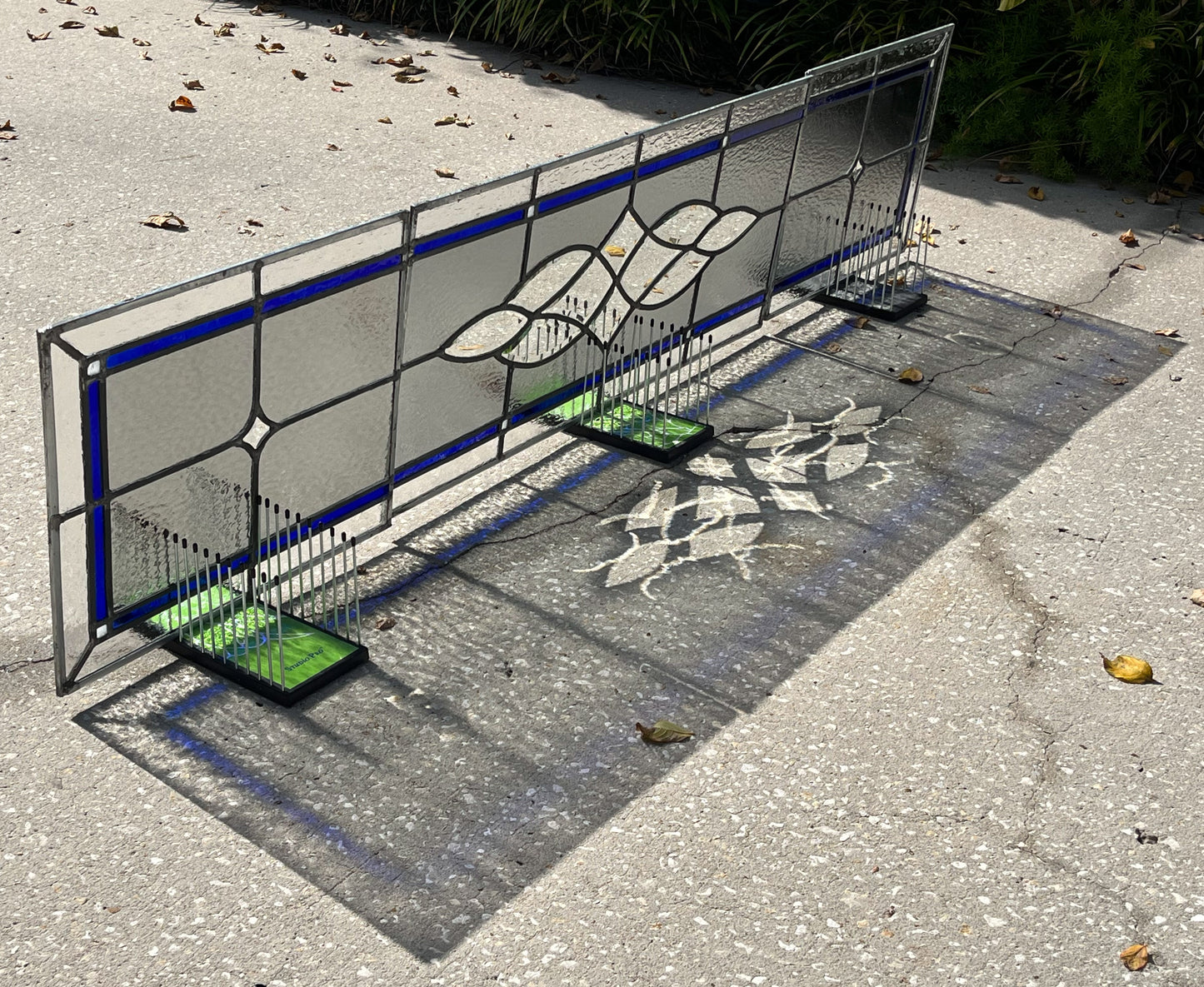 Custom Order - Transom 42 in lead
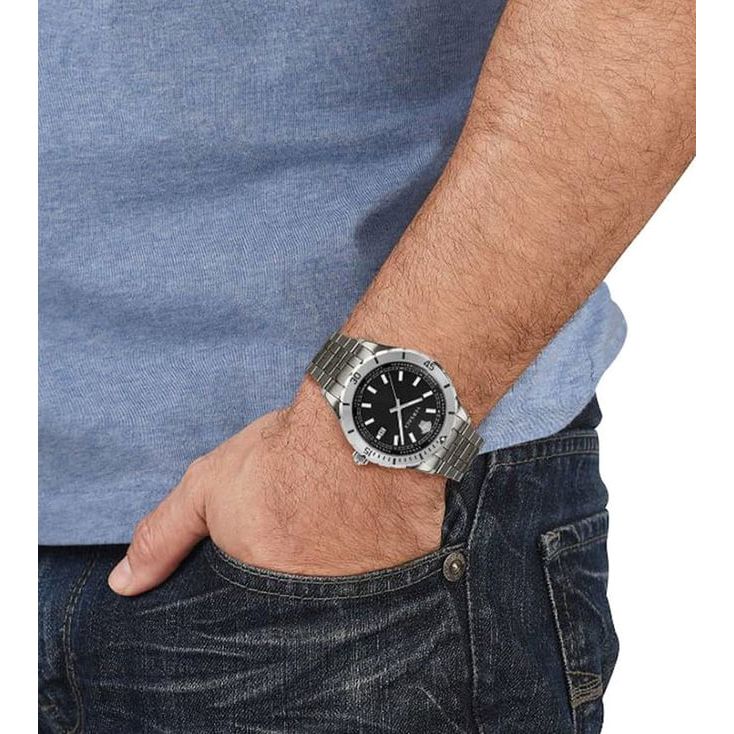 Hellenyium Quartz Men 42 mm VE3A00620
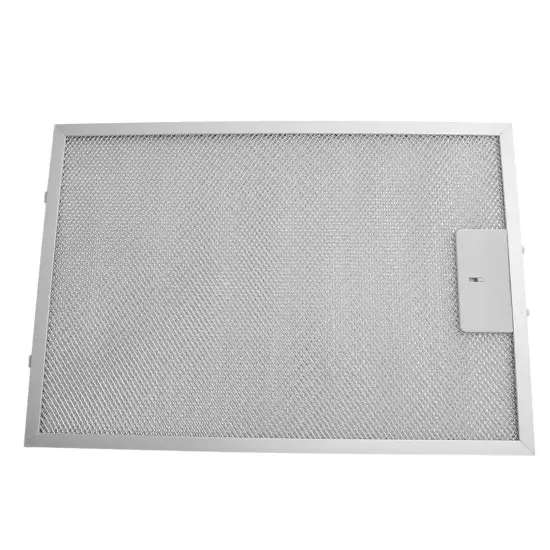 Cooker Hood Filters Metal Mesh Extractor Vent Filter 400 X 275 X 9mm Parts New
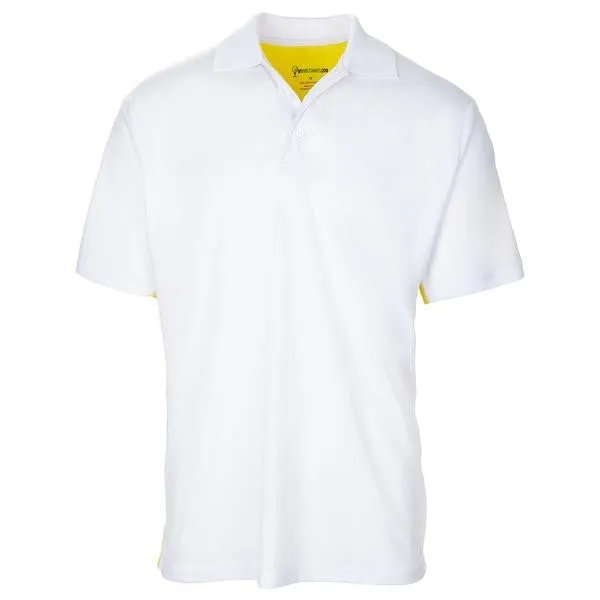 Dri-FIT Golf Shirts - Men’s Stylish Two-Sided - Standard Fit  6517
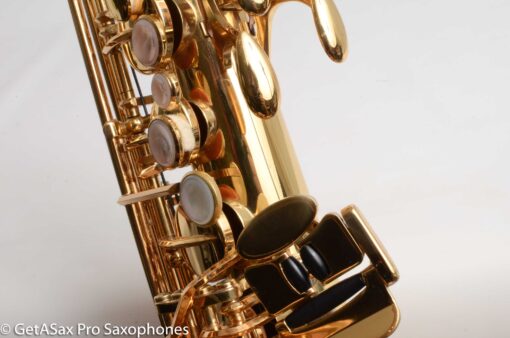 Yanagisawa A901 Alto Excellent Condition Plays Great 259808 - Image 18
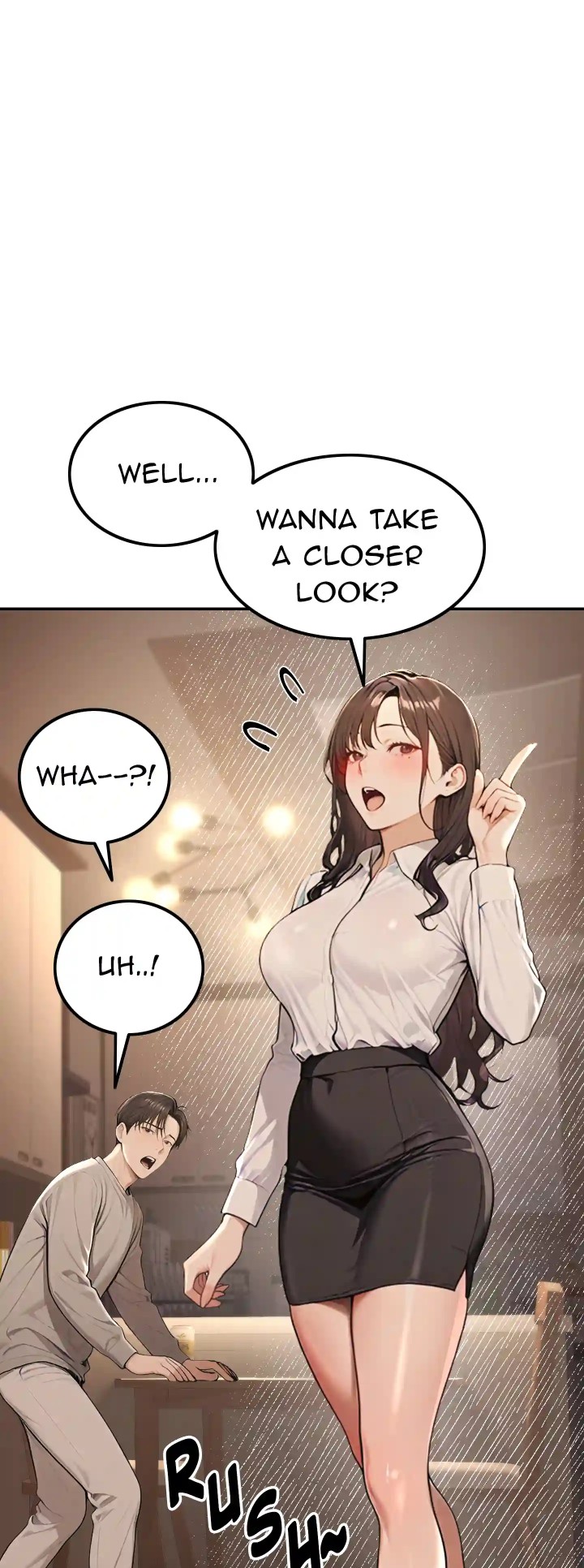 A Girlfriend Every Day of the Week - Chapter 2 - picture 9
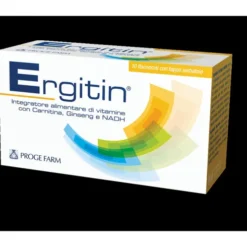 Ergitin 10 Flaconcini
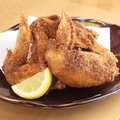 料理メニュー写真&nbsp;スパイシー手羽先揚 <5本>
++++++
▸ **PROMPT**: Reproduce nothing but the lines that run from the line containing "A Girlfriend Every" through the last line of the records, inclusive. Omit the pictures.

▸ **ANSWER BOX**:
 A Girlfriend Every Day of the Week - Chapter 2 - picture 9
 Ergitin 10 Flaconcini
 料理メニュー写真&nbsp;スパイシー手羽先揚 <5本>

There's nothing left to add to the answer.